I want my students to prosper and defend themselves against the cruelties of corruption and wealth

I want to be here and there all at once

I want to live in the camps that have dehumanized so many worn out souls in the hopes I can help people remember they are a name, not a number; they are individuals, not a mass story on the nighttime news in a distant place they have only heard rumors of being true

I want to adopt a child whose parents are gone.  And I want to love that child and help that child grow and discover him/herself and what she/he believes to be true

I want to walk through the snow, the light fluffy snow that carpets the world with hope, smoking a black clove, until I reach the perfect balance of being cold and hot all at once, of reaching a state of internal peace while still being eager to work diligently until the wars are over.  Then I want to go inside and sit by the fire and fall asleep to the sound of another voice reading stories of foreign places and close neighbors

I want the world to treat each color equal, but never forgetting to recognize and celebrate the qualities of each hue

I want each girl to grow up knowing she is strong and beautiful and each boy to grow up knowing he is beautiful and strong

I want lifelong lovers and devoted partners to be free to marry, and I want exhausted wives to be able to divorce[1]

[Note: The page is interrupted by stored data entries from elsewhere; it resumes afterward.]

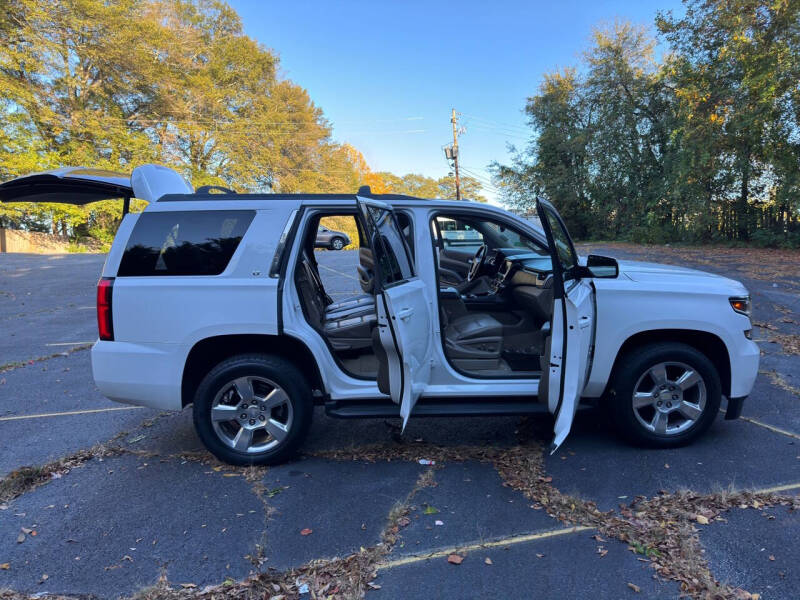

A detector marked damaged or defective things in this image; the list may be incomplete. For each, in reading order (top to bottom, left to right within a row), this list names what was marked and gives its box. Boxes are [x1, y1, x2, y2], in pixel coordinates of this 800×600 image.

cracked pavement [1, 246, 800, 596]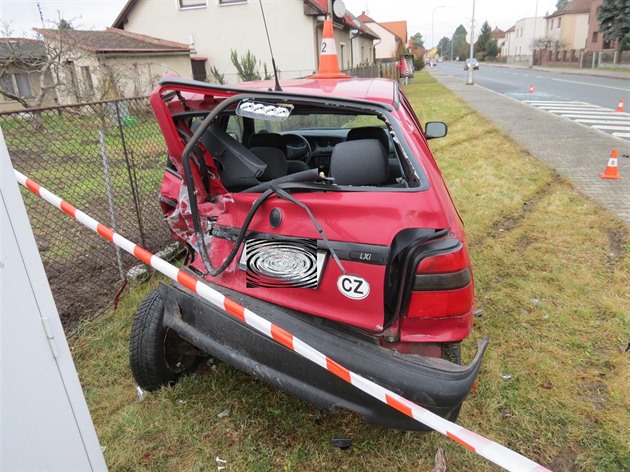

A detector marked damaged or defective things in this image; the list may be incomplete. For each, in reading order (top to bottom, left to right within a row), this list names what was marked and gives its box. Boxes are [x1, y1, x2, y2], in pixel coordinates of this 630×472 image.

damaged rear bumper [158, 282, 488, 430]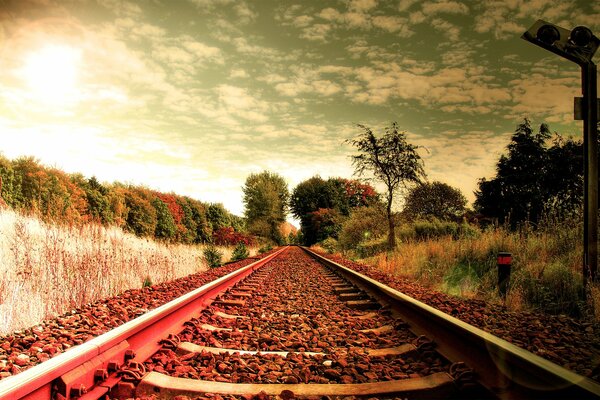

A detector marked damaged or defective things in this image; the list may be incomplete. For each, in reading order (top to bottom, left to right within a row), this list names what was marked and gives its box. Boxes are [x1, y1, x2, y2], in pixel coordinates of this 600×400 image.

rusty rail [0, 247, 288, 400]
rusty rail [302, 247, 600, 400]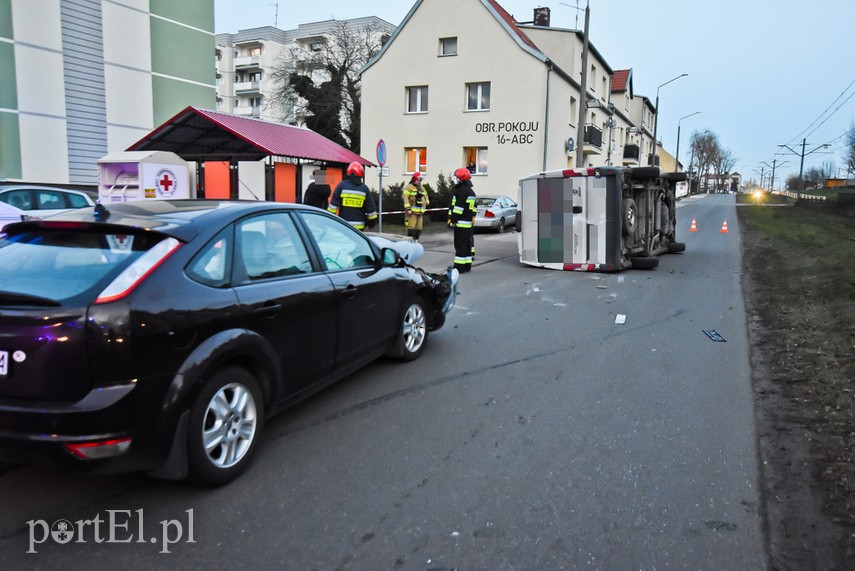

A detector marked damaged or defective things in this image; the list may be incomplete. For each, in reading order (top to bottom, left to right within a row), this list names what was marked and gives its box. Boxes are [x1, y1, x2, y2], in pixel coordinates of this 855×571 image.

overturned delivery van [516, 165, 688, 272]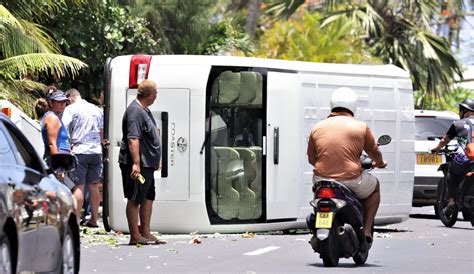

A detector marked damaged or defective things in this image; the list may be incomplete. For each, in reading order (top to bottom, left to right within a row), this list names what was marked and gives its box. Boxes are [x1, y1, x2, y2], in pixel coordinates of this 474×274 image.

overturned white van [103, 55, 414, 233]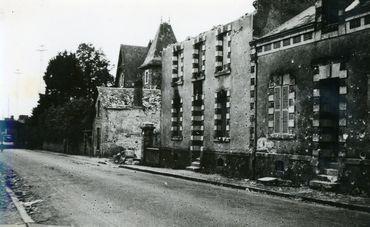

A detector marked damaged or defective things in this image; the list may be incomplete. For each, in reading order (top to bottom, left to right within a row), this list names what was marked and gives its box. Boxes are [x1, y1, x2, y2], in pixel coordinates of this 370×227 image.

damaged stone building [92, 22, 176, 158]
damaged stone building [159, 0, 370, 195]
damaged stone building [250, 0, 370, 193]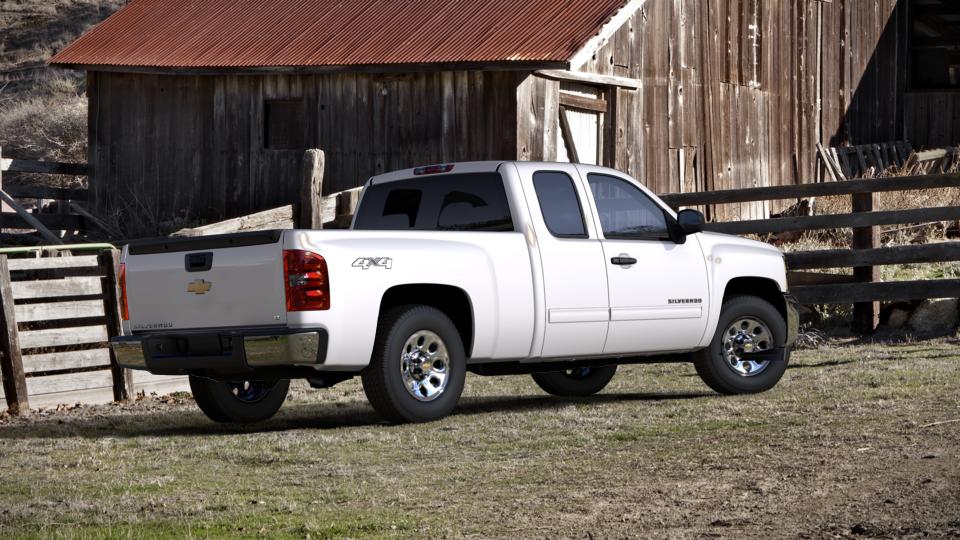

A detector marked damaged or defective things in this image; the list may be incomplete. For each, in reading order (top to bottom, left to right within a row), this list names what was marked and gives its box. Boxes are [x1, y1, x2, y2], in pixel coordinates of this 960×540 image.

rusty corrugated metal roof [52, 0, 632, 69]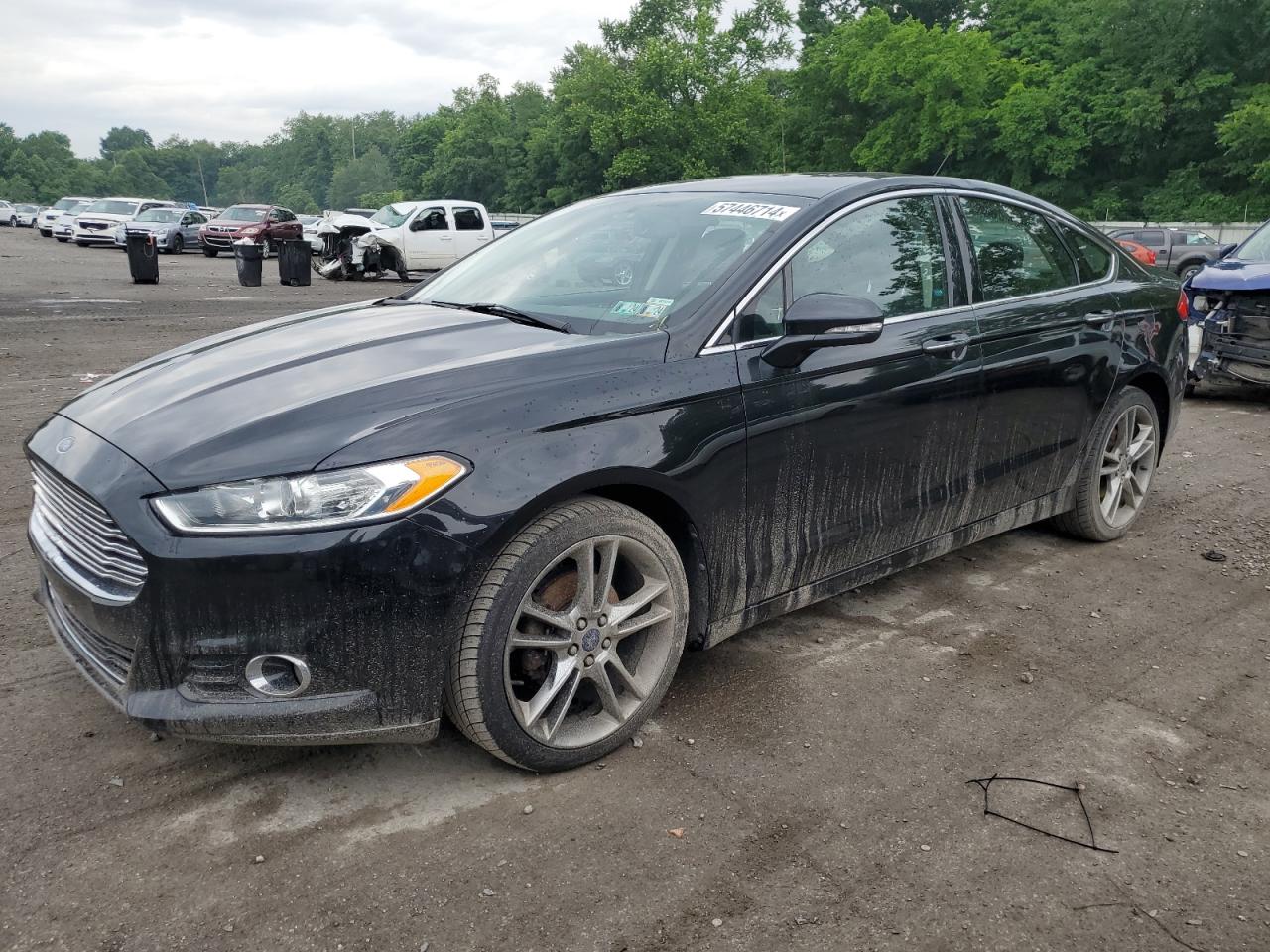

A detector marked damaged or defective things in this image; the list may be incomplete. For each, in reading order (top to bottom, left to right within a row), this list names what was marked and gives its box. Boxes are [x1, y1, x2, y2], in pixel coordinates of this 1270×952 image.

red damaged car [201, 204, 303, 257]
damaged white car [315, 198, 492, 278]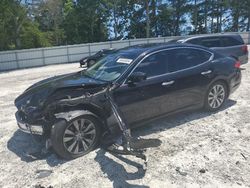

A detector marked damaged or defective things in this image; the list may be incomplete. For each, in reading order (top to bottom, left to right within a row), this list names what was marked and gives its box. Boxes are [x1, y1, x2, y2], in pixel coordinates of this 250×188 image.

detached bumper piece [15, 111, 43, 136]
damaged black car [14, 43, 241, 159]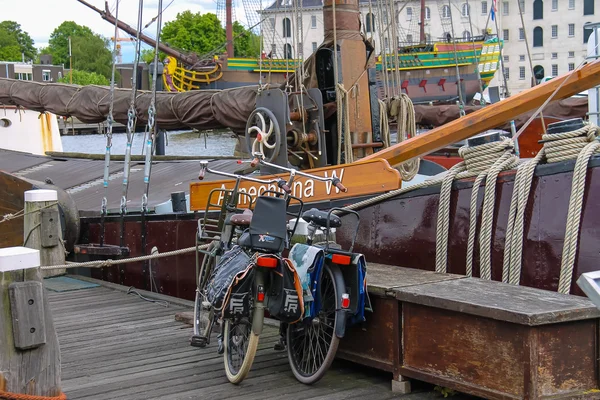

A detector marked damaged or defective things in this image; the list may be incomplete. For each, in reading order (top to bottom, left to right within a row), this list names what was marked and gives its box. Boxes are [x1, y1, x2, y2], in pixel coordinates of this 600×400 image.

rusted metal surface [338, 159, 600, 294]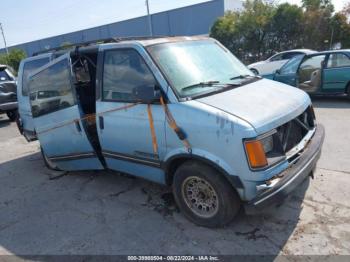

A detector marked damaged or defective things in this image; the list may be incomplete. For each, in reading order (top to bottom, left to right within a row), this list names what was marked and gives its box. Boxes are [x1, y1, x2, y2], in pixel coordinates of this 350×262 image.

damaged door [28, 53, 104, 172]
damaged door [95, 46, 167, 183]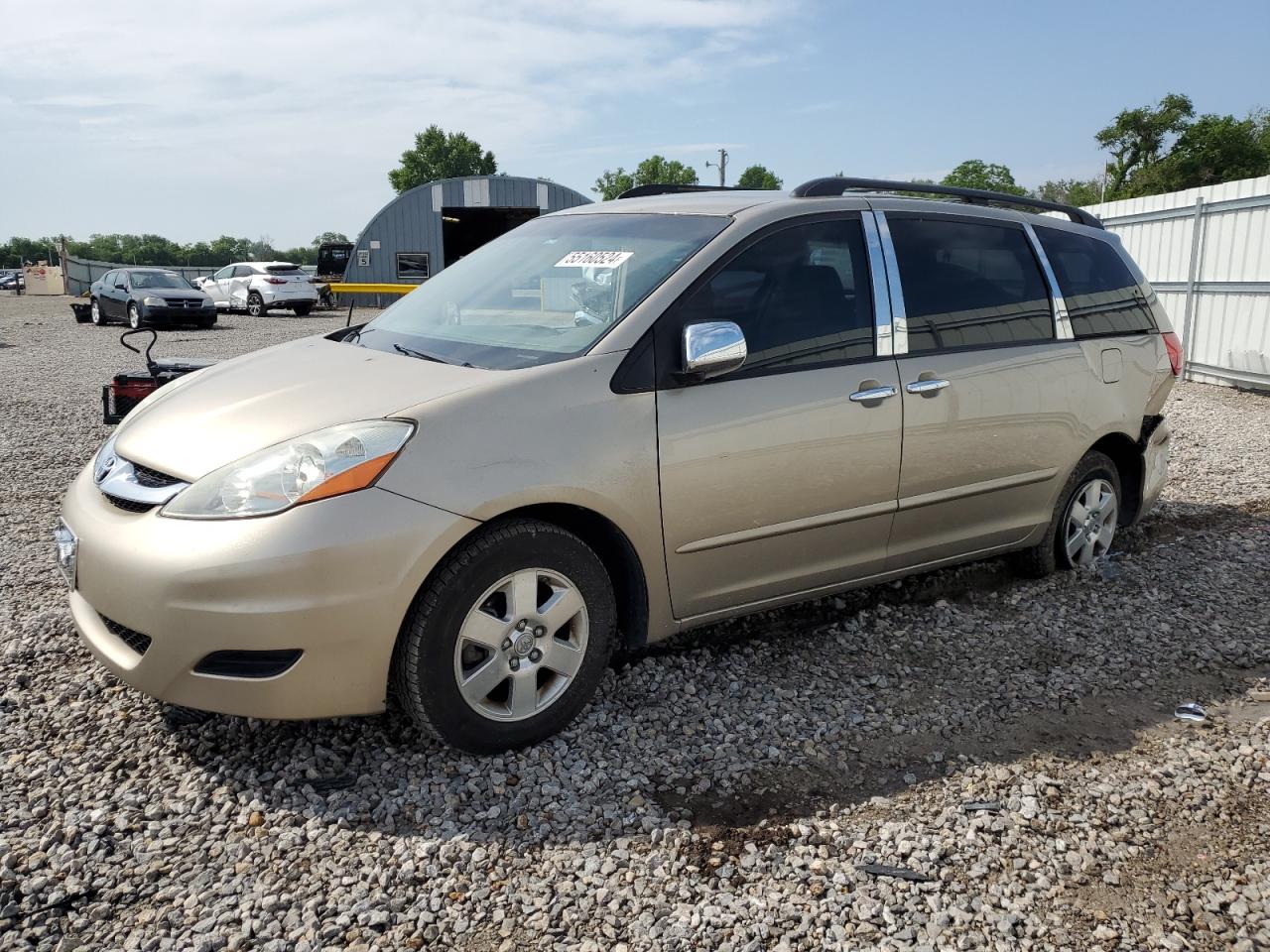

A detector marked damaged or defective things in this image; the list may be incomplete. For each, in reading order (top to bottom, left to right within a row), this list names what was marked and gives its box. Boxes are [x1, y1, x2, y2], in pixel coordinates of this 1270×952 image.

damaged vehicle [57, 177, 1183, 750]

I want the polar bears to have ice, and I want the farmers to have water

I want to grow a garden in the middle of a city. A safe garden. A place for people to play and sit and think and talk and dream and wish.

I want to jump from a plane, falling without restraint, and once I reach that point of either realizing there is no need for answers and clarity, or realize I have the key and the chest with all the answers has always been mine, I will pull the chute and gracefully glide back to ground where I will be swaying in a field embraced by the sun, preferably with an ice cream cone in hand

I want to know something is true, and I want that truth to be good, and I want to believe in that truth, and I want to be a part of that truth














[1] In the Philippines it is nearly impossible to get divorced, especially if initiated by a women, especially a poor women.